What ended up happening is that consumers are under pressure for longer than we expected, and that trade down happened for longer than expected. People are having to do, in families, having to manage their cash flow differently. So there is more of that push on the trade down. Now, what I would say too is that as companies are also adapting to that. So if you look at one of the things we're doing is, one, we rather than playing defense and try to get just a short-term pop in volume, we actually invest back in our business. We have mentioned this in every quarter of the earnings that we will continue to make investment as we see opportunities in the brand growth system. So we are investing to make sure that our products are the best ever and always worth the price of the product.
We are also making sure that we are giving more choices for consumers.
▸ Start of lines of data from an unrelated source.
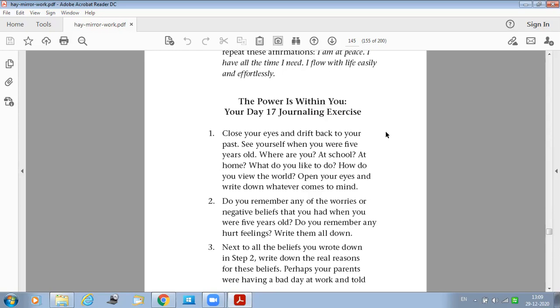How you view the world? Open your eyes and write down whatever comes to your mind. Do you remember any of the worries or negative beliefs that you had when you were five years old? Do you remember any hurt feelings? Write them all down.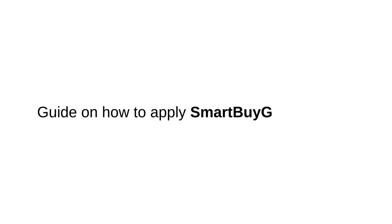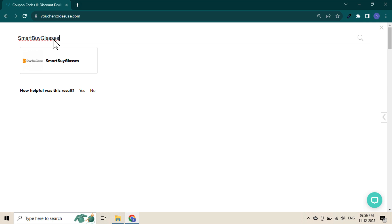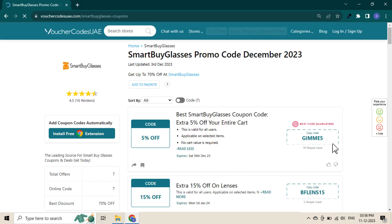This is a guide on how to apply Smart by Glasses code. Go to Voucher Codes UAE and search for Smart by Glasses on the search bar. Browse through verified and tested codes, then click the code to copy it.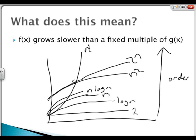Say we take this arbitrary point — we'll call it point a. Whenever x is greater than a, n factorial will grow faster than 2 to the n. So in that case, you can say that n factorial is the upper bound.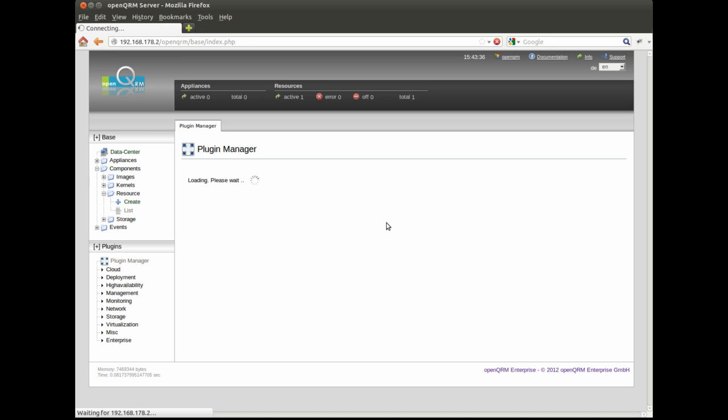The capturing and deployment procedures for local deployment in OpenQRM are based on an integration with Clonezilla supporting the Windows and Linux operating systems.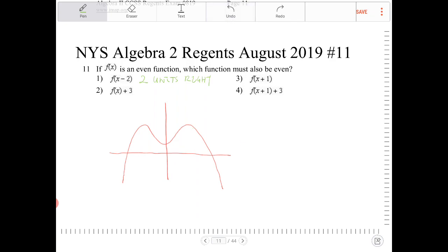Option 3, f of x plus 1, shifts the function one unit to the left. For the same reason, option 3 is no good because it will be symmetrical over another vertical line and not the y-axis.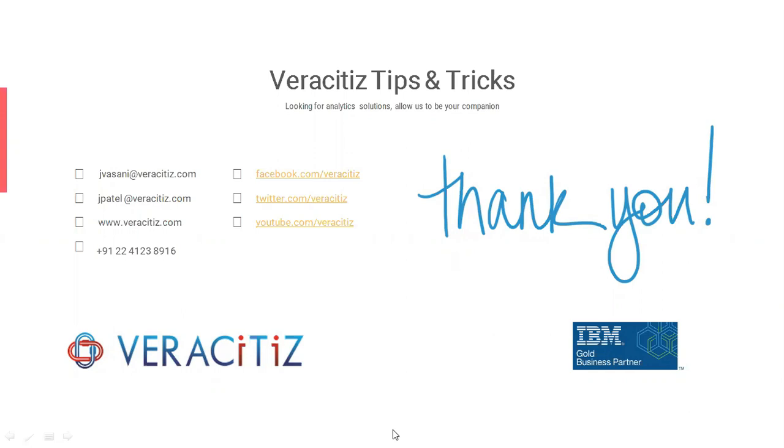Hope this is a helpful tip that could improvise the user experience. You can see further videos on our website which is www.veracities.com. Thank you.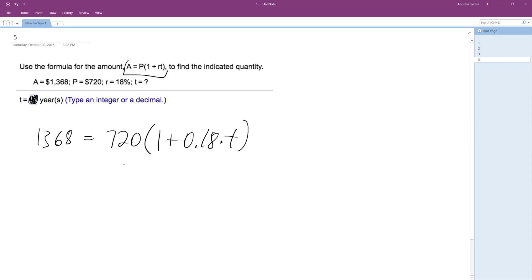So essentially, we can just multiply—well, we can do this. We can divide by 720.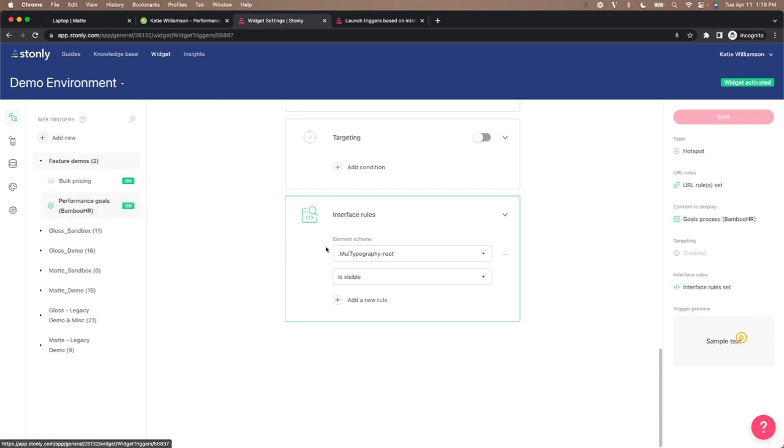The interface rule here is extremely simple. You might remember the screen said you don't have any goals in progress. So we've attached our rules to this text. So that way, if the message is visible on the screen, our hotspot activates.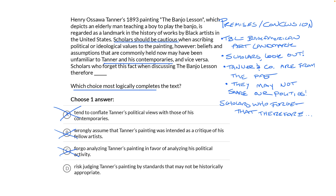That's on the money. It's in line with the argument I identified: it's a mistake to assume that Tanner and artists like him shared our present-day politics. If you forget that, you might judge Tanner's painting by standards that aren't historically appropriate. That's our best, most logical choice. For inference questions, you really have to get inside the argument and test each choice. Good luck out there — you've got this.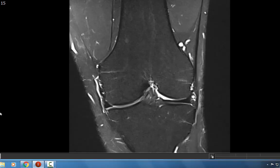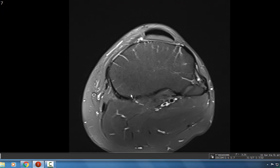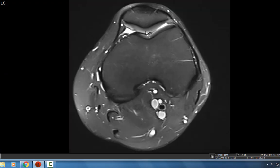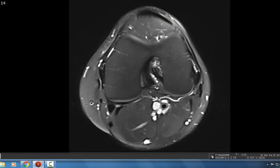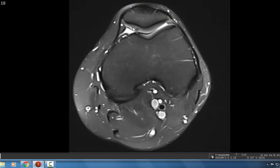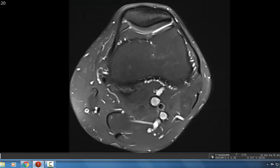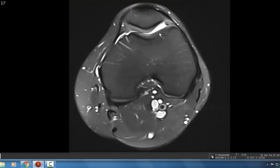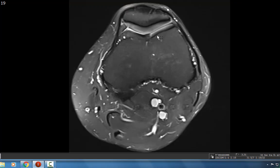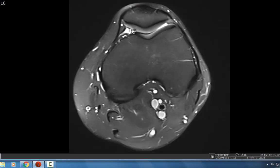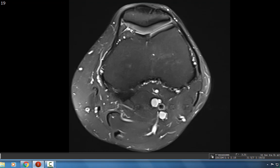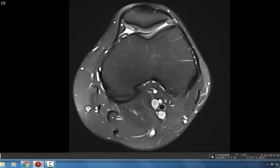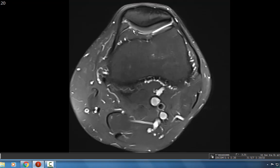To look at the patellofemoral compartment, it's best to look at the axial images because you can see the patella, the median ridge of the patella, the medial patellar facet articular cartilage, the lateral patellar facet articular cartilage, the medial trochlea, and the lateral trochlea. Notice that it's nice and gray intermediate signal without any focal chondral defects. There may be minimal partial thickness chondral defect along the medial patellar facet articular cartilage, as we're seeing T2 hyper-intense signal involving maybe 20% of the thickness of the articular cartilage.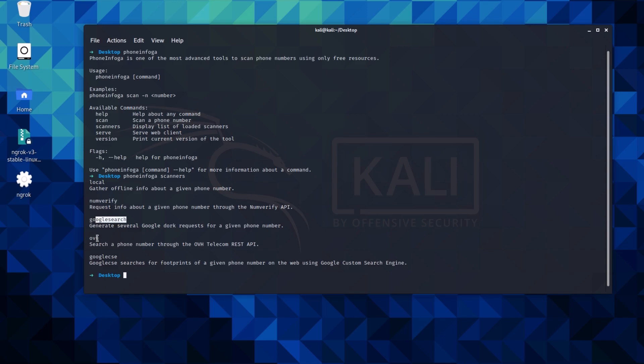You should, in case you are doing a pen test and want to test an organization phone number. Now let's see how to scan a phone number with it.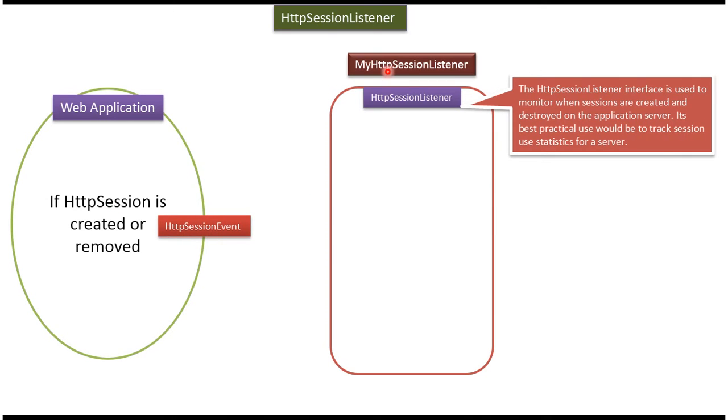So here you can see myHttpSessionListener which implements HTTP session listener interface. Using this listener, we can listen to this HTTP session event.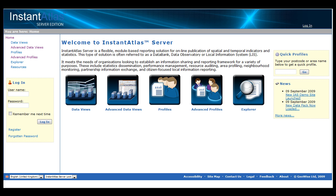This is the Advanced Modules overview video for Instant Atlas Server. This video will provide you with an overview of the functionality available in the Advanced Data Views and Advanced Profiles modules of Instant Atlas Server.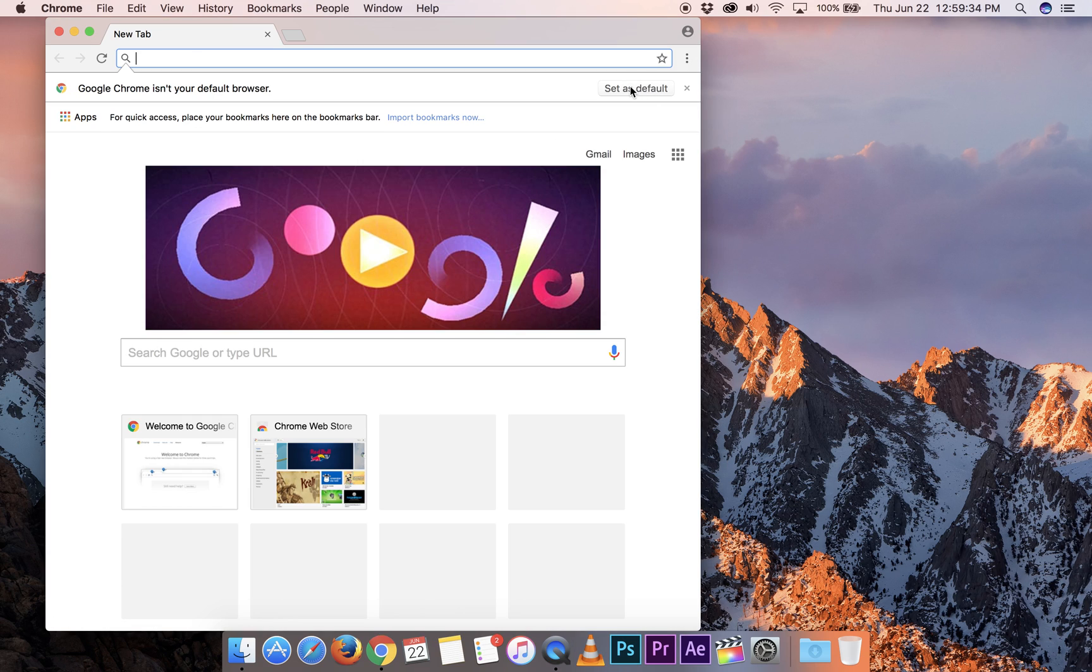You can set it as your default browser if you want to. And that's it. Go ahead and use it. Thanks for watching.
So whether you see a $1 mac and cheese or a $1 bottle of dressings, or you also see a five-pack product of mac and cheese and club, that idea of us expanding the number of price architecture options for consumers is part of us responding to this era that is taking longer. The other thing I would say too is that, you know, we also have to be judicious in terms of how do we actually make sure that as consumers are going through still in this situation, that we continue to invest back in our brands. So, you know, we haven't shied away to say we're investing in the quality of our product.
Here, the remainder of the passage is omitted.